#### [Aim of the exercise]
What you should end up with is an exact copy of the lines from the one holding "Superbe duplex lumineux à Eysins image 5" through the last line of the entries below, both included, and nothing else; leave every picture out.
====== Data
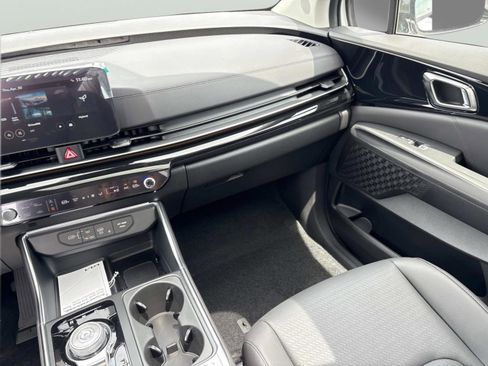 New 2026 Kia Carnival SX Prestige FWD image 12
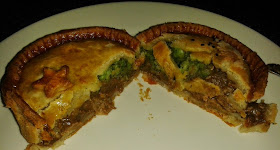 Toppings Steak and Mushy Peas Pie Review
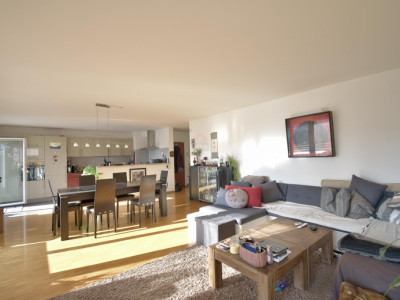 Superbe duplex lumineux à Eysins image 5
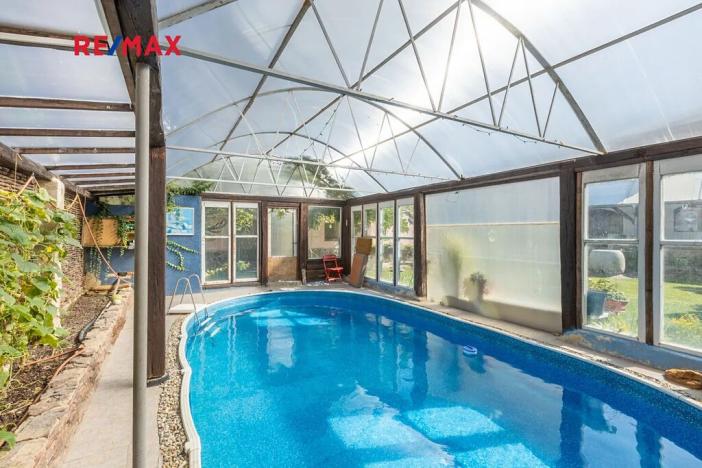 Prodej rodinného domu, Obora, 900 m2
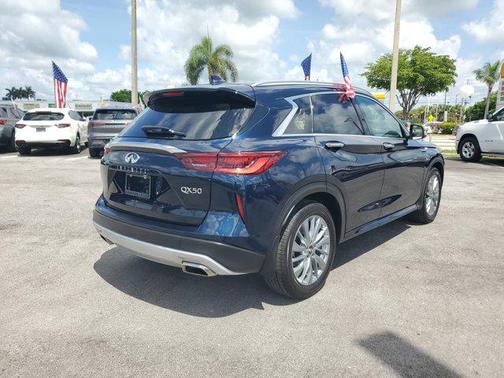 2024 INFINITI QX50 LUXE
============
#### [Solution]
 Superbe duplex lumineux à Eysins image 5
 Prodej rodinného domu, Obora, 900 m2
 2024 INFINITI QX50 LUXE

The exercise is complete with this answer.